= What you have to do =
Given the listing below, write out exactly the lines starting with the line that has "Белые мокасины Le'BERDES" and going on through the line that has "12V Solenoid Valve, DC12V", both kept.

= The input =
-=-=-=-=-
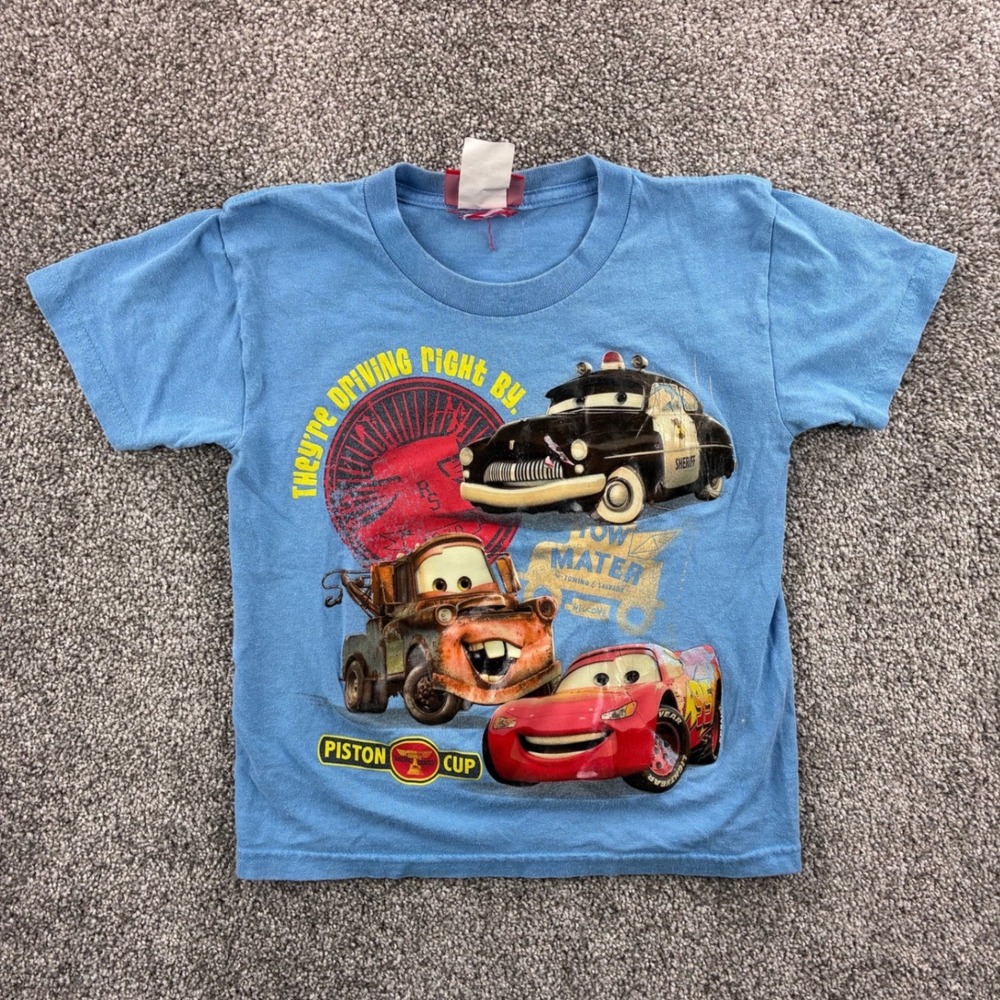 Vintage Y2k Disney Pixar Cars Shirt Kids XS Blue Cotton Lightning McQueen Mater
-=-=-=-=-
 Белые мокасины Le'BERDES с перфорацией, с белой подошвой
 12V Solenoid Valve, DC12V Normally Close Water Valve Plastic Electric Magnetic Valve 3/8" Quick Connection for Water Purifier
-=-=-=-=-
= Written reply =
 Белые мокасины Le'BERDES с перфорацией, с белой подошвой
 12V Solenoid Valve, DC12V Normally Close Water Valve Plastic Electric Magnetic Valve 3/8" Quick Connection for Water Purifier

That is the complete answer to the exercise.